<<<<
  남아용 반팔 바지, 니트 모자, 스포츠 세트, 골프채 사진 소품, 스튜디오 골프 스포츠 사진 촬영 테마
>>>>
<<<<
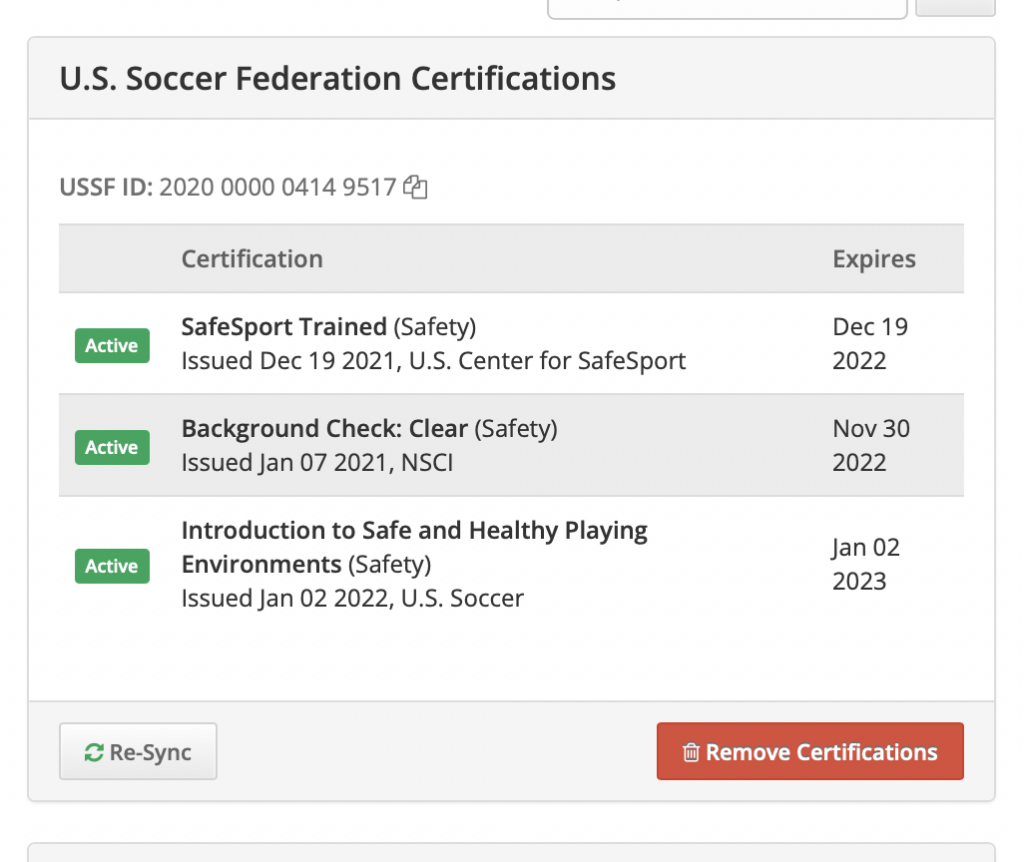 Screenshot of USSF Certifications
>>>>
<<<<
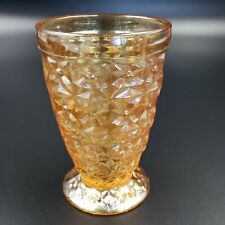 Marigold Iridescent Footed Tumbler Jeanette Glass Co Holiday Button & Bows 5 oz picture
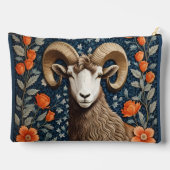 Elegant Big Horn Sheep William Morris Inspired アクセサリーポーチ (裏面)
>>>>
INSTRUCTIONS TO FOLLOW — Everything above from the line containing "Marigold Iridescent Footed" through the line containing "Elegant Big Horn" must be repeated exactly, and the pictures must be left out.

RESPONSE AREA —
 Marigold Iridescent Footed Tumbler Jeanette Glass Co Holiday Button & Bows 5 oz picture
 Elegant Big Horn Sheep William Morris Inspired アクセサリーポーチ (裏面)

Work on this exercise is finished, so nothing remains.